Charles R. Munnerlyn and Ronald Smith
A career on the cutting edge. At StoryCorps, Charles R. Munnerlyn talks with Aggie roommate and lifelong friend Ronald Smith about his early career, which included work with Intel founder Robert Noyce.
- [Charles] While I was in Port Lavaca and Matagorda Highland, I saved up my leave and went back to A&M to take some course, a math course, and I took it under Professor Kent, Kubert Kent, yes. The cube root of his class would pass. And I made an A.
- [Ronald] That kinda tells ya how smart he is.
- [Charles] So I was planning to go, when we got out, to go to graduate school, and I wanted to study optics and I had taken only one course in optics in physics. So one day I was going through the bulletins outside the head of department's office and there was a bulletin that said Institute of Optics, Rochester, New York. So I called Judy and told her that we were going to go to Rochester, New York. So that was a bit of a change for her. I got out of the service in March and I went to work at a company called LTV Electrosystems in Greenville, and my boss at TI had moved from TI to LTV Electrosystems and he notified me and invited me to come to work there. So I said, yes, but I'm going to school in the fall so I worked there until about September. And then we drove up to Rochester, New York and I remember we got to Buffalo, New York, and it was so cold we had to put on our coats and I think it was 65 degrees. So we got an apartment there from the school and I managed to get through four years.

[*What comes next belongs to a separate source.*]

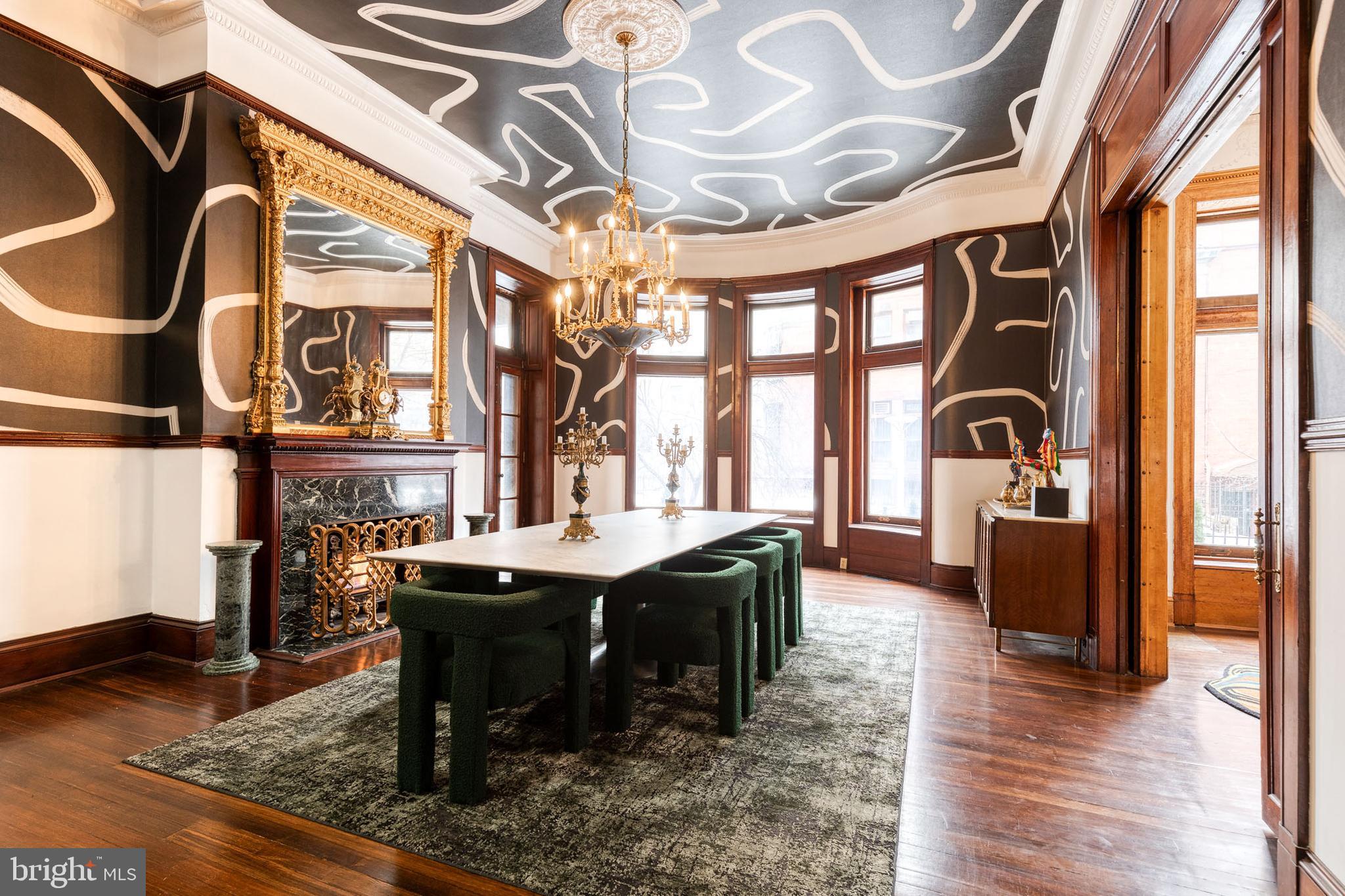 2452 Eutaw Place Baltimore, MD 21217 - Photo 14 of 75 a view of a dining room with furniture window and wooden floor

- [Ronald] And who'd you go to work for after you finished up at the, that was your doctorate that you were working on --
- [Charles] Yes, that was
- [Ronald] in Rochester. Yeah.
- [Charles] My professor said, while I went around interviewing at a lot of companies, my professor said he would match the highest salary I got offered. He wanted to sell the company. They just made lenses, and he wanted to make some products before they sold it because he felt that people would not be interested in just a lens-making company, they wanted to have some products to sell. So one of the products that we built was a automatic eye refractor. Someone came by and said they had a patent from a fellow and wanted to know if we could build this automatic eye refractor. Well I looked at the patent and I didn't think it would work the way it was shown, so I said yes, but as long as we can use our own technology. So we built an automatic eye refractor, and we were bought out by a company in Palo Alto, California. Shortly after we were bought out, we had a visit from the board of directors of the Palo Alto company. And one of the board members was Bob Noyce, who was the founder of Intel. He came to look at our product and we had planned to use a deck computer and he said that he had a device that we oughta look at. So we were one of the first companies ever to use the 4004 microprocessor. We hired a programmer to write the basic programs so we then moved out to Fairport, well we moved to Sunnyville, California a couple years later.